Senator of the Congress of the Union for Sinaloa
- Incumbent
- Assumed office August 29, 2024 Serving with Enrique Inzunza Cázarez and Paloma Sánchez Ramos
- Preceded by: Raúl Elenes Angulo

Personal details
- Born: 30 November 1968 (age 57) Agua Caliente de Cebada, Sinaloa, Mexico
- Party: Morena
- Other political affiliations: PRD
- Education: Autonomous University of Sinaloa
- Occupation: Politician

= Imelda Castro Castro =

Mexican politician (born 1968)

Imelda Castro Castro (born November 30, 1968) is a Mexican politician from the National Regeneration Movement (Morena) party. Since September 1, 2018, she is a Senator of the Republic in the LXIV legislature of the Congress of the Union for the state of Sinaloa. Likewise, since September 1, 2020, she has served as Vice President of the Board of Directors of the Senate.

== Early years ==
Imelda Castro Castro was born on November 30, 1968, in the town of Agua Caliente de Cebada, in the municipality of Sinaloa, in the Mexican state of Sinaloa. Since 1991 she has lived in Culiacán. From 1986 to 1991 she studied the bachelor's degree in Political Science and Public Administration at the Autonomous University of Sinaloa and from 1994 to 1997 the master's degree in political science at the Autonomous University of Zacatecas. From 2008 to 2010 she was a columnist for the weekly Ríodoce. She was a professor at the Autonomous University of Sinaloa from 2001 to 2012.

== Political career ==
In 1989 she began her militancy in the Party of the Democratic Revolution (PRD). Within this party she was postulated as a candidate for senator of the Republic in the federal elections of 2000. From 2001 to 2004 she was a deputy in the Congress of Sinaloa, where she was president of the Economic Development Commission. She was the state president of the PRD in Sinaloa from 2005 to 2008. From 2011 to 2013 she was director of agribusiness for the Secretary of Economic Development of Governor Mario López Valdez. From 2013 to 2016 she was again a deputy in the Congress of Sinaloa, being coordinator of the PRD Parliamentary Group. On 29 August 2017, she resigned from the PRD to join the Movimiento Regeneración Nacional party.
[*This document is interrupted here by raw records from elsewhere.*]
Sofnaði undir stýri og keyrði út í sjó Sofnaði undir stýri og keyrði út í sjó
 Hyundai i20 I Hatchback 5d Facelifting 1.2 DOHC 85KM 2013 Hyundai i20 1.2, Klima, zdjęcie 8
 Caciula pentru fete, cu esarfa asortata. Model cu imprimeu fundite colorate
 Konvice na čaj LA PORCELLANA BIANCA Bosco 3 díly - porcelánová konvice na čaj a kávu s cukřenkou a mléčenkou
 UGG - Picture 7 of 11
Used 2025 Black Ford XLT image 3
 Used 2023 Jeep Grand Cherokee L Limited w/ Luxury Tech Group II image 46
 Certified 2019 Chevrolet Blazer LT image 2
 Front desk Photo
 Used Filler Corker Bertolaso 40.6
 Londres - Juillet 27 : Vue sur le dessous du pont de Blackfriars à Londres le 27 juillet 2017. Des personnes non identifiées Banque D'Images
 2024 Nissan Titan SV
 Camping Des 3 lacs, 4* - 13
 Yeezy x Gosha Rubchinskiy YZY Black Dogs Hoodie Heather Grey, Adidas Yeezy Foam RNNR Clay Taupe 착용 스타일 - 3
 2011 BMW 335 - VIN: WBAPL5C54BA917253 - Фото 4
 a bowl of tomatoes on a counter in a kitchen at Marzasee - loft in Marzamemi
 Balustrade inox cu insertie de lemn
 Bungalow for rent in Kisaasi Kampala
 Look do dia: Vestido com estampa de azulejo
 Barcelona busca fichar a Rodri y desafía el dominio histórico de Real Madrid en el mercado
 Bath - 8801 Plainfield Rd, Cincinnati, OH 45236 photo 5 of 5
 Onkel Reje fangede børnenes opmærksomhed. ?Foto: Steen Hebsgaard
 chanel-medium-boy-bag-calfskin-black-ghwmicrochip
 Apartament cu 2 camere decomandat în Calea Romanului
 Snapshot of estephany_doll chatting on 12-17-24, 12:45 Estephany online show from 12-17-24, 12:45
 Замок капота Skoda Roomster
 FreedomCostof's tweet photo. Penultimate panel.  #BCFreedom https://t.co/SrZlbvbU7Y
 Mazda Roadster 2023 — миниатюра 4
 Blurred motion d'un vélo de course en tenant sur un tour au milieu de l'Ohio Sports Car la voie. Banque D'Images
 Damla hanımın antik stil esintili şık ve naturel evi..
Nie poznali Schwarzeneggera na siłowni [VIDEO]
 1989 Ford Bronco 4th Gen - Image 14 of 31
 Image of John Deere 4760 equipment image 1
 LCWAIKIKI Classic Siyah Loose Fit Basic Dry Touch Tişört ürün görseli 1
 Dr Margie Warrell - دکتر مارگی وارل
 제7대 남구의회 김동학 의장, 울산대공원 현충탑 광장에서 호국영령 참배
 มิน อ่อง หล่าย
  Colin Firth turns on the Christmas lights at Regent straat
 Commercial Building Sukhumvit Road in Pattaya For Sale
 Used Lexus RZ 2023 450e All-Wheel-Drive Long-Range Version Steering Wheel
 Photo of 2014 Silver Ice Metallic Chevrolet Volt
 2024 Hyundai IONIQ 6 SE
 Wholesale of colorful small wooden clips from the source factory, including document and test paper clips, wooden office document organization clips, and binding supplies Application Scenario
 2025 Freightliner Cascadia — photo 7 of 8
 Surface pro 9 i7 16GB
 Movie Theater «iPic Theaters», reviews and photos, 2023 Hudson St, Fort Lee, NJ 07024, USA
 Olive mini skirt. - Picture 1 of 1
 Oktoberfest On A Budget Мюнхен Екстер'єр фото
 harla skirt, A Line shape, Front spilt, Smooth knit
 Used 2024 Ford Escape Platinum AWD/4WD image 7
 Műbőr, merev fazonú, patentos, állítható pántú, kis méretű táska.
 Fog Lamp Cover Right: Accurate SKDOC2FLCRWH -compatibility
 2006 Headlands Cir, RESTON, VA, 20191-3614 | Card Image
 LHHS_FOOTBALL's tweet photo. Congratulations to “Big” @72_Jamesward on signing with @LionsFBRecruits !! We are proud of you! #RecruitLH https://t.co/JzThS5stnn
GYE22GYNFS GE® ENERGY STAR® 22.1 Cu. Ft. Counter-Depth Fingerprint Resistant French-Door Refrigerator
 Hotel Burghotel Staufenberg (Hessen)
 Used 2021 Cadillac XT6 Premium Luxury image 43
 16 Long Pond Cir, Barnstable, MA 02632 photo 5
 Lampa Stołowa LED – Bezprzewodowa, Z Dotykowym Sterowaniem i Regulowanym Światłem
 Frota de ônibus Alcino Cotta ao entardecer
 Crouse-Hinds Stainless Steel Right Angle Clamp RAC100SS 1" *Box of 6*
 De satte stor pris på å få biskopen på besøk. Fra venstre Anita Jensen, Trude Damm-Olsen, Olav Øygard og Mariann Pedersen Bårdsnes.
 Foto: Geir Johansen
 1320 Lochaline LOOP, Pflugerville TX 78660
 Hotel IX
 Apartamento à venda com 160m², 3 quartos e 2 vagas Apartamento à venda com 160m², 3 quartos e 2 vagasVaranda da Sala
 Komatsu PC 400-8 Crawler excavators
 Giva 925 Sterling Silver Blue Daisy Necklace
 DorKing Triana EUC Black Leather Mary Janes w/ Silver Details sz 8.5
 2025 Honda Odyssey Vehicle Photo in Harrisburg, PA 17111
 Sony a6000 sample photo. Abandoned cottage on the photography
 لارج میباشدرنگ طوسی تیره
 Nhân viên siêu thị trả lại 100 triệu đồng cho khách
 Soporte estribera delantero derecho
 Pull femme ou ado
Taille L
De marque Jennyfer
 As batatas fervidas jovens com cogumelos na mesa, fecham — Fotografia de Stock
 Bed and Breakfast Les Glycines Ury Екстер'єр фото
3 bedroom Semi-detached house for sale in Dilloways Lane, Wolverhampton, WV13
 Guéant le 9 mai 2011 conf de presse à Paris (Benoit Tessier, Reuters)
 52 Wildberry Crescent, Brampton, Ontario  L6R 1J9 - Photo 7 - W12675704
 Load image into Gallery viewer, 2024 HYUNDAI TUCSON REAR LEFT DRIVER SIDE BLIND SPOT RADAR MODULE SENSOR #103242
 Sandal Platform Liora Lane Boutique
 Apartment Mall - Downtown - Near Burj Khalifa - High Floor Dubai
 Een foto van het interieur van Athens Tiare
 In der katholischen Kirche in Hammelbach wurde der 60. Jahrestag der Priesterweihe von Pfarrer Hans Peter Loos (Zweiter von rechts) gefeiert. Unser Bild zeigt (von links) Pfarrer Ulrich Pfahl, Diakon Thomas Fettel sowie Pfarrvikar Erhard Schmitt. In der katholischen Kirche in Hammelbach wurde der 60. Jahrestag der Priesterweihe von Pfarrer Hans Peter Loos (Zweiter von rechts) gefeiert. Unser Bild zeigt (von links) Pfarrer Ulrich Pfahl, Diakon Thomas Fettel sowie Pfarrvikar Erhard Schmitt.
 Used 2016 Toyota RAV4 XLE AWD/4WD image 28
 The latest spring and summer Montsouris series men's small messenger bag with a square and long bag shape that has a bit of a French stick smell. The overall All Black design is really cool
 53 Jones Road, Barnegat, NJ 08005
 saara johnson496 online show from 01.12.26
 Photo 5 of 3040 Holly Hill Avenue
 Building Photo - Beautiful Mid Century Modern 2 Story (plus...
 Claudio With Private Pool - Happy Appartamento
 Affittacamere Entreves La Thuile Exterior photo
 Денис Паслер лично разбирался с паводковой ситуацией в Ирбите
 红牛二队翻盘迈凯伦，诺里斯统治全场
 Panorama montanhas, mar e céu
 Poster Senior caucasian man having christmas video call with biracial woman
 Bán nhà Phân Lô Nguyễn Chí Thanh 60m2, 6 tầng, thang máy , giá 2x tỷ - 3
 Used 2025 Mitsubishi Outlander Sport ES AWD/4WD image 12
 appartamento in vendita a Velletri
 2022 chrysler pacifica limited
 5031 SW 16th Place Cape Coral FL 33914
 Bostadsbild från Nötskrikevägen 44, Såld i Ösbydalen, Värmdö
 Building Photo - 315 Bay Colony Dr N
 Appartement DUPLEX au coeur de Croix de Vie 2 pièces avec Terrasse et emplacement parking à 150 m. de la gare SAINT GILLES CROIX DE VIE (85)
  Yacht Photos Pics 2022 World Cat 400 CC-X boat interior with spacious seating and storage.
=== Senator of the Republic ===
In the 2018 federal elections, she was nominated by the Movimiento Regeneración Nacional (Morena) party as senator in the second formula for the state of Sinaloa. After the elections, she held office in the LXIV Legislature of the Upper House of the Congress of the Union since 1 September 2018. Within the Senate, she is president of the bicameral national security commission and secretary of the commission for the delivery of the Belisario Domínguez Medal. From 2018 to 2019 she was secretary of the social security commission and from 2019 to 2020 she was secretary of the second legislative studies commission. She was vice president of the Senate Board of Directors from August 2010 to August 2021.

Castro Castro won re-election as one of Sinaloa's senators in the 2024 Senate election, occupying the first place on the National Regeneration Movement's two-name formula.

=== Future ===
In 2026, Morena announced her as the "state coordinator for the defense of the transformation and national sovereignty", a position expected to represent the party in the Sinaloa gubernatorial election of 6 June 2027.